The Fourth Way: how a new economics can help create a prosperous, socially inclusive and environmentally sustainable society

The Common Sense Manifesto is an extensive 70 page summary of Crisis, Economics and the Emperor’s Clothes. The Common Sense Manifesto provides only a brief summary of the shortcomings of economics and then discusses the present and future consequences of the resulting faulty financial and economic policy prescriptions for society. This is followed by an outline for a new economics, a social science that can help define the policies needed for escaping the economic crisis by investing in creating an economy that works for all and a society that is socially inclusive and environmentally sustainable, at national and global level.

Purpose

The Common Sense Manifesto aims to contribute to sustainable development: the process aimed at creating a society that is economically and socially inclusive and environmentally sustainable. It offers the outlines of a Fourth Way, as an alternative to right wing ideology, left wing ideology, and the Third Way. The Third Way is a combination of right-wing economic and left-wing social policies that gathered momentum in the 1990s as the new political ideology of many social democratic parties, especially in Europe. It has since been largely discredited as a result of the global financial and economic crisis, rising inequality, stagnating lower and middle incomes, deteriorating and more expensive public services, and growing job insecurity. This has led to many European social democratic parties being routed at the polls, and a major defeat of the Democratic Party in the US in 2016.

The Fourth Way

The Fourth Way has in common with the Third Way the attention for social policy as a means to provide equal opportunities to all citizens. However, the Fourth Way radically differs in its approach to economic policy. Considering the disastrous consequences of right wing economic policies since the 1990s, the need for an economic alternative contributing to rather than hindering economic and social inclusiveness and environmental responsibility is greater than ever.

Rebuilding economics

The goal of the Fourth Way, to foster sustainable development, requires rebuilding economics. A new economics is needed both to lead the global economy out of the economic and financial crisis that started in 2007, and to free the productive potential of our global society to address the economic, social and environmental problems facing humanity. This manifesto depicts how a new economics, a social science giving better insight in economic processes, can help unlock humanity’s productive potential and put it to work to meet society’s social, economic and environmental challenges.

Where

To download The Common Sense Manifesto free of charge as a pdf file click here.
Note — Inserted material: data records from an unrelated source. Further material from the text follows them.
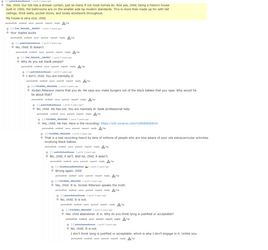 autismnew.png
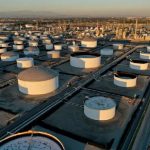 Nigeria’s Oil Reserves to Last 59 Years at Current Output—NUPRC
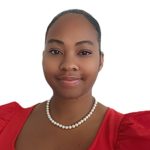 Wendy Dantzler headshot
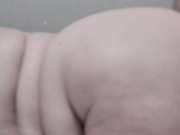 His friend pounds me while husband works 3/16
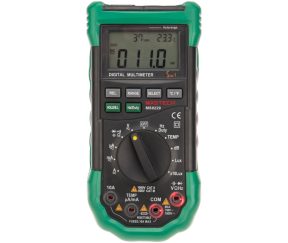 Изображение товара 1050195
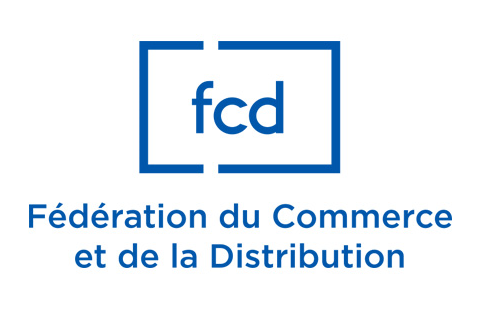 Logo FCD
A printed version of The Common Sense Manifesto is available at Lulu.com (http://www.lulu.com/shop/frans-doorman/the-common-sense-manifesto/paperback/product-21140665.html) or at Amazon or Barns & Noble

Summary in propositions

The main points of Crisis, Economics and the Emperor’s Clothes and The Common Sense Manifesto are summarized in fourteen propositions.

Note:

In April 2012, the term Common Sense Manifesto gave 4580 results on Google. The term has been used by various individuals and groups but there appear to be no claims to exclusive rights.
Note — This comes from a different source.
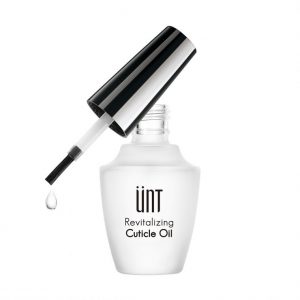 山茶花修護指緣油推薦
At the time the term Fourth Way had 634,000 hits, referring primarily to an approach to self-development developed by Greek-Armenian philosopher G.I. Gurdjieff in the early 20th century and published in book form under the name “The Fourth Way” in 1957. “The Fourth Way” had not yet been used in a political sense, and was therefore claimed in “The Common Sense Manifesto” and on this website as the set of ideas on economics, the economy and sustainable development discussed in the Common Sense Manifesto and in “Crisis, Economics and the Emperor’s Clothes”.

Update: March 2017: Unfortunately, the term Fourth Way has now also been used by Hugh Hewitt, a conservative radio host, in his book “The Fourth Way: The Conservative Playbook for a Lasting GOP Majority”. Hewitt uses term Fourth Way to distinguish his platform from FDR-style liberalism, Reagan conservatism and the Clintonian Third Way.
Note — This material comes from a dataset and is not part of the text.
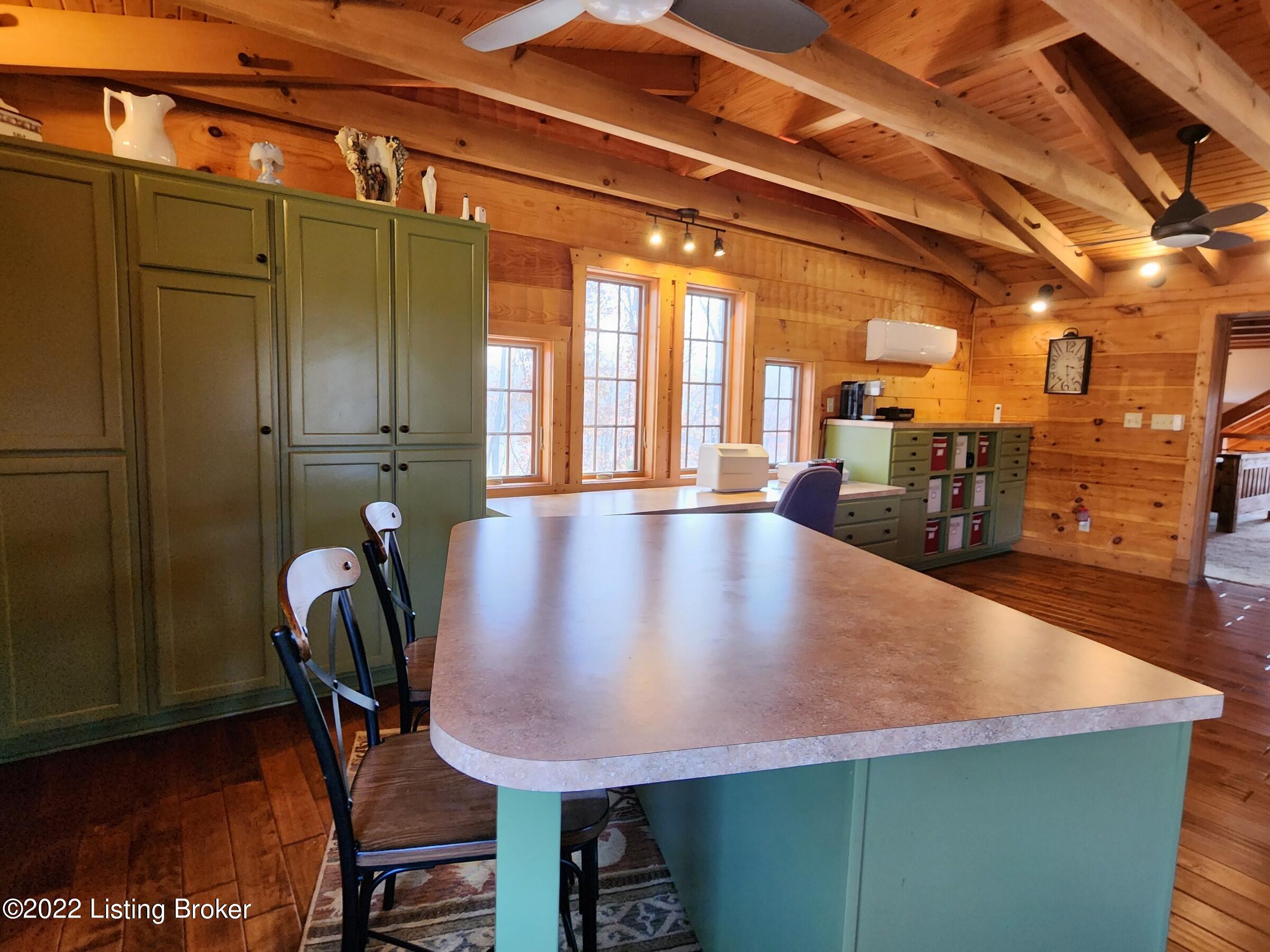 597 Lakefront Road Leitchfield, KY 42754 - Photo 48 of 77 20221101_152816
He describes the Fourth Way as “a recasting of long-stalemated left-right politics, absorbing most of the traditional Reagan agenda (and methods) — free markets and strong defense — while adding an emphasis on improvements in infrastructure and modernized delivery of those parts of government that cannot be replaced by the private sector.” (cited from a review in The Washington Post: https://www.washingtonpost.com/news/book-party/wp/2017/01/19/a-conservatives-plan-for-trump-to-win-win-win-or-at-least-avoid-impeachment/.

Hughes “Fourth Way” would appear little more than traditional conservative policy, with the very minor twist of paying attention to infrastructure. But certainly not something to offer up as a “new” vision or “way” of where we want society to go and how to get there.